I’m not a fan of the death penalty but this kind of extended limbo strikes me as potentially less humane than just getting on with things (potentially after leaving a couple of years for appeals). Not knowing whether or when the chop will come, how much longer you’ll be allowed to live for, must be very trying psychologically. It’s not something I could imagine ever “making your peace” with.

Tom
Tom
6 years ago

MyBurningEars is right. Such a delay is a cruel and unusual punishment in itself and if I were POTUS I would commute all sentences more than a year old (if past all appeals or not currently under appeal) to life imprisonment in acknowledgement of that.

Why the qualification in parentheses? My lawyer friends in the US point out that extended periods on death row are usually caused by prisoners pointlessly (in terms of eventual outcome) appealing their sentences. In such cases, it’s their choice and I don’t feel the need to second guess it. They choose to live as long as they can and I neither blame nor pity them for that.

Gamecock
Gamecock
6 years ago

It’s true, Tom. It takes two years to get a hearing in court. The appeals process takes a half dozen court hearings or more. So 15 years for the appeal process isn’t unusual.

Steve
Steve
6 years ago

The convoluted, quasi-medicalised way the Yanks kill people doesn’t help. All sorts of faffing around with niche drugs when all you need is a blindfold, a wall, a fag, and some blokes with rifles.

MyBurningEars
MyBurningEars
6 years ago

@Steve

Oddly I’m not even sure the medicalisation of it makes it more humane. It makes it less messy, that’s for sure, and perhaps the less gruesome it looks the easier to retain public support.

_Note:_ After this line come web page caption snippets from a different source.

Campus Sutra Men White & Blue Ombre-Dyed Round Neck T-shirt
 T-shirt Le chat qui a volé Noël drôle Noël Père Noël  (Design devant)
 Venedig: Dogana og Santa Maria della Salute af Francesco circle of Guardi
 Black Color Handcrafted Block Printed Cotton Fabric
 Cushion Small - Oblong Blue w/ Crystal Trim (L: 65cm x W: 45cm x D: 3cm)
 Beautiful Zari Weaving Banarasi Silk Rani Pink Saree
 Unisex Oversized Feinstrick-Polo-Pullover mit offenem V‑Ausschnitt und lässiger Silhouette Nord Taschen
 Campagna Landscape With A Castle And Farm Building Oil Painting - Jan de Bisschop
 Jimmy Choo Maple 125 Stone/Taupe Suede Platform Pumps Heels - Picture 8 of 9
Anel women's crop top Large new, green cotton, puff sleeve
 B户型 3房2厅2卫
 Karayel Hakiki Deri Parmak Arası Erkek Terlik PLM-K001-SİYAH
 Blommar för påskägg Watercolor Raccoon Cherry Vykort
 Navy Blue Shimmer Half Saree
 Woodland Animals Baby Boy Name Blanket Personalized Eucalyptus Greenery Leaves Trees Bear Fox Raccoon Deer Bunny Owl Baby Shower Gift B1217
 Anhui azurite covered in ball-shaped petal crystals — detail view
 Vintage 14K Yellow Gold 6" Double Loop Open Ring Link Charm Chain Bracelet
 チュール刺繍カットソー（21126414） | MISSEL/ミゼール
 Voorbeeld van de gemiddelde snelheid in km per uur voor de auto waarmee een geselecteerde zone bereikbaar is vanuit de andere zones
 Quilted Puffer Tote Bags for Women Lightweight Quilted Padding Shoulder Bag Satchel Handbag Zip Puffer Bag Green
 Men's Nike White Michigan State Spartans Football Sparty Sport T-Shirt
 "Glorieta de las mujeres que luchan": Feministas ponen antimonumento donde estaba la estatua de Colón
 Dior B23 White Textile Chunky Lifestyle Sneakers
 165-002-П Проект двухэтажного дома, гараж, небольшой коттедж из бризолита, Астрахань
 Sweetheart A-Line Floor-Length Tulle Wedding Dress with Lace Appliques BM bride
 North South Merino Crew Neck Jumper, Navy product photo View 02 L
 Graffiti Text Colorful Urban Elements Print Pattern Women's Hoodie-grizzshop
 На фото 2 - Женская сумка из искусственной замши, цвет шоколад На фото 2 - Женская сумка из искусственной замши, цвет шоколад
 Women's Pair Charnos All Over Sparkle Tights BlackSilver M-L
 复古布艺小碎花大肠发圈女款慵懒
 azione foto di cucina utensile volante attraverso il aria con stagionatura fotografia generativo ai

Yet I wouldn’t volunteer to die by having a cocktail of drugs pumped round me like they do – I’d rather be strapped to a ton of TNT and make an almighty, instantaneous mess than have a pristine looking corpse.

Dennis the Peasant
Dennis the Peasant
6 years ago

Such a delay is a cruel and unusual punishment in itself and if I were POTUS I would commute all sentences more than a year old (if past all appeals or not currently under appeal) to life imprisonment in acknowledgement of that.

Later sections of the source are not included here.